In fact, the only thing that got me genuinely outraged over this Spring Fling was Friday's concert. And I didn't even go. I was thinking about buying a ticket, but then I saw a list of co-sponsors, among them...
The U.S. Army.
Now why on earth would an army in the middle of two wars (remember Afghanistan?) spend money on a concert, much less a whole concert tour? The Army and the College Television Network are carting The Donnas and OK Go all across the country, from Pennsylvania to New Mexico.
Meanwhile, the House of Representatives just approved cutting nearly $25 billion in veterans' benefits. According to Congressman Lane Evans (D-Ind.), a vocal opponent of the reduction, "90 percent of the mandatory spending the Budget Committee proposes to cut is from cash payments to service disabled veterans, low-income wartime veterans and their survivors." Moreover, the new budget "makes no provision for additional service-connected disability benefits resulting from the present war with Iraq."
So not only do these cuts attack veterans who have been disabled or disadvantaged by previous wars, they deny future benefits to those fighting right now.

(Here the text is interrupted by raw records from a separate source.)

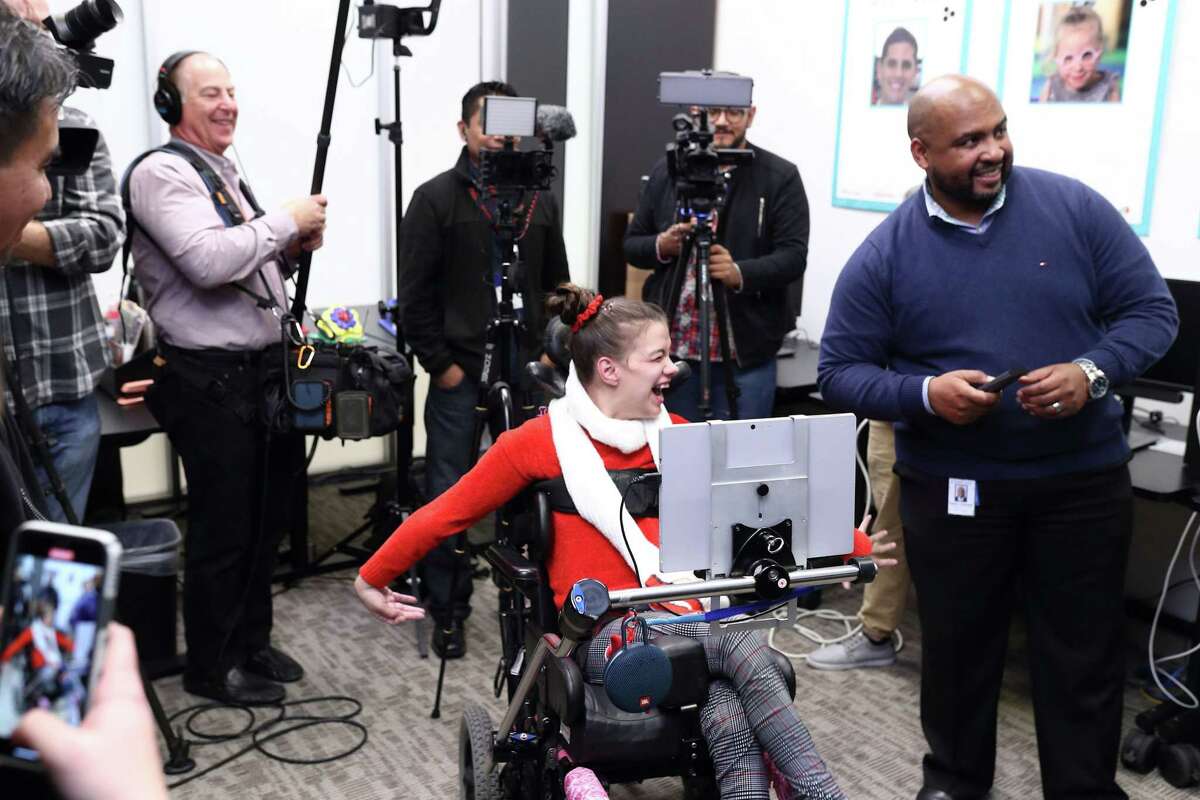 Alexis Mendoza, 23, tries out the new Comcast X1 Eye Control Technology on Tuesday, Dec. 10, at Easter Seals Greater Houston. The technology allows people with disabilities to be able to operate their TVs with the gaze of an eye.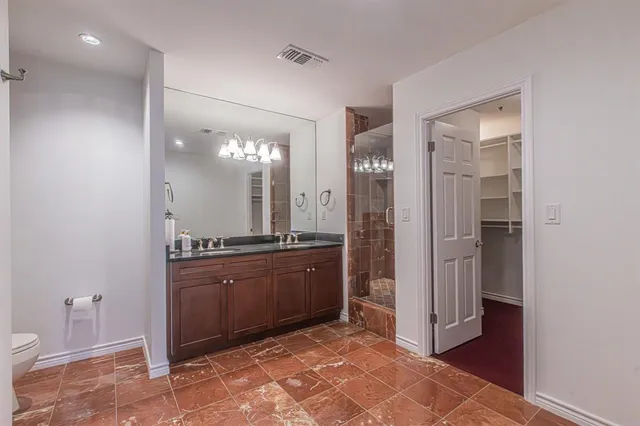 a bathroom with a bathtub shower sink mirror and toilet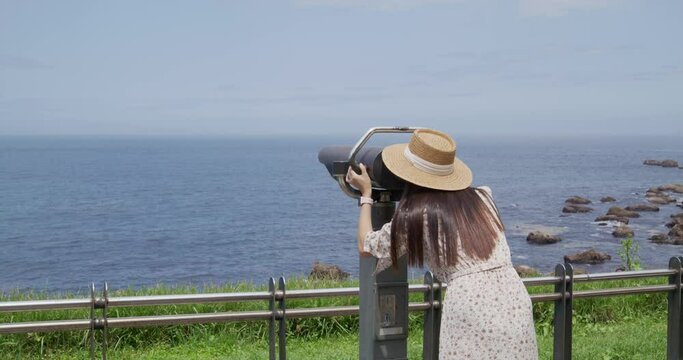Tourist woman look at tourist binocular to see the ocean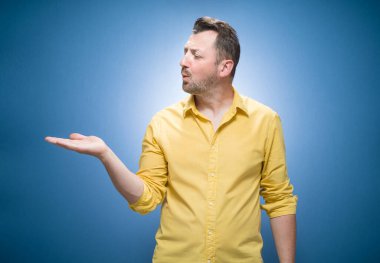 Mavi arka planda seni öpen, sarı gömlekli hoş bir genç görüyorum. Yakışıklı, sevimli bir adam onu öpüyor ve avuç içini gösteriyor, mesaj için fotokopi odası. Stüdyo çekimi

If you were a soldier in the field, which news would be more heartbreaking: that many American citizens disapprove of the war itself, or that the government that sent you there will abandon you when you get home?
I cannot understand the counter-protesters who sometimes show up at anti-war rallies, screaming, "Why don't you support our troops?!" Their cries would be more appropriate at the White House. If their primary concern is the well-being of American soldiers, then they should join us in our critique of the Bush administration's domestic policies.
The federal government is waging economic war against its own warriors, and the Army is funding a concert tour.
Upon mentioning this macabre phenomenon to a fervent Republican, I was told, "Recruiting is really important." Perhaps. But at this moment in time, in this format, it is also particularly problematic.
Attach the Army's name to a rock show, something completely irrelevant to the military, and you gloss over all content or reality. Maybe you can laugh when you see chewing gum advertised with half-naked shiny bodies, or a jeans commercial in which you never see the jeans -- perhaps your choice of gum or jeans aren't very important. But your decision to join the military is. Particularly when such a decision seems dangerous at home as well as abroad -- when your government is also, to a significant degree, your enemy.
A government that uses pop music to market the military to college kids, only to make the lives of soldiers and veterans needlessly painful and difficult, has some serious ethical explaining to do.
As does a University that makes itself complicit in this spectacle.
Penn should have never involved itself in this glaringly irresponsible misallocation of tax dollars.
So am I saying that everyone who attended this concert is implicated in a domestic war against American troops? No -- virtually no one knew about the Army's involvement in Fling, and there was no critical discussion about it before the show actually took place. Still, in many of the face-to-face conversations I had last week, people seemed exasperated, as if to say, "Man, these days, everything I do and everything I buy is smothered in unethical taint. I give up. I have to have fun once in a while."
But fun and conscience are not mutually exclusive.
To provide an alternative to this ethically dubious production, Penn Students Against War on Iraq organized a benefit concert last Wednesday to raise funds for Iraqi humanitarian relief. As one flier said, you can "help out and rock out at the same time." Which is just to say that you can maintain your integrity and still dance around to loud music like an idiot.
Let the Army spend its money on the countless disabled, homeless and struggling vets. College kids can figure out a way to have fun without sketchy funds.
Dan Fishback is a senior American Identities major from Olney, Md.